Formuła imprezy nie pozwala człapać, tylko trzeba trzymać tempo, bo meta goni. Jest to dobre wyzwanie dla osób, które chcą pobiec na miarę swoich możliwości, a nie tylko pokonać dany dystans. Dla mnie maksimum okazało się być na 56 kilometrze. Uważam, że to słaby wynik.

Od początku nie trzymałeś się prowadzącej trójki z Bartkiem Olszewskim, Tomaszem Walerowiczem i Wojtkiem Kopciem. Skąd taka taktyka?

Myślę, że taktyka była dobra.

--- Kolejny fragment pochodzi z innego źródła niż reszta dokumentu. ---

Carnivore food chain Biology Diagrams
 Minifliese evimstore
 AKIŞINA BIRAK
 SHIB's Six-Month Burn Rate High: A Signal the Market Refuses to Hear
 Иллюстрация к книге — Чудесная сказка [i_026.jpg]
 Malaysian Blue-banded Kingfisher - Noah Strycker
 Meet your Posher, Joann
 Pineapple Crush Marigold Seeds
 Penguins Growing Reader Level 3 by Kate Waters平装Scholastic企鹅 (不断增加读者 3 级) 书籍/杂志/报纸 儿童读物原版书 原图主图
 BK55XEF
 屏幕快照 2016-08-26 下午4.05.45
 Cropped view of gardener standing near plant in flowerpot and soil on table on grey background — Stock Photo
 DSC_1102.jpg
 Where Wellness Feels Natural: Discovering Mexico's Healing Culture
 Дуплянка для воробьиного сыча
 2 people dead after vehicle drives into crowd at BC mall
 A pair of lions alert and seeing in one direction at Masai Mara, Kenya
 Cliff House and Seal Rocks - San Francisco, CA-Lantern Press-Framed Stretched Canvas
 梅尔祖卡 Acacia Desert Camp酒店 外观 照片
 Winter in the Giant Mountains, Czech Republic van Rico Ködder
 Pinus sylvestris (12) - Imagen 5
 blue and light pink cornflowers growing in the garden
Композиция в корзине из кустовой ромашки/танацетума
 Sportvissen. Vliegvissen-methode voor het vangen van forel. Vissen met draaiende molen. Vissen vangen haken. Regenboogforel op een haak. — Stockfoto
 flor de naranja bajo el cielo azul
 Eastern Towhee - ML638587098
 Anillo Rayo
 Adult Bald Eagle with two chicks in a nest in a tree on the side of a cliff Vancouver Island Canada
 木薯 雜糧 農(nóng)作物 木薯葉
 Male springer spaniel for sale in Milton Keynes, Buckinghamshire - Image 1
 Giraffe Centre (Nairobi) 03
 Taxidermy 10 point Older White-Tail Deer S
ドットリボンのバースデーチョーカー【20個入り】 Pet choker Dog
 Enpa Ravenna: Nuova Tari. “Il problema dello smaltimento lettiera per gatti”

Wyliczyłem wszystko na długie utrzymanie tempa i nie robienie zapasów w pierwszej części dystansu. Już po pierwszym kilometrze odpuściłem prowadzącą grupę, tym bardziej, że do przodu wypalił jeszcze Piotr Kuryło…

No właśnie zapomnieliśmy trochę o naszym ultramaratończyku, który zszedł z trasy po ok. 10 km. Chyba oczekiwania co do niego były większe?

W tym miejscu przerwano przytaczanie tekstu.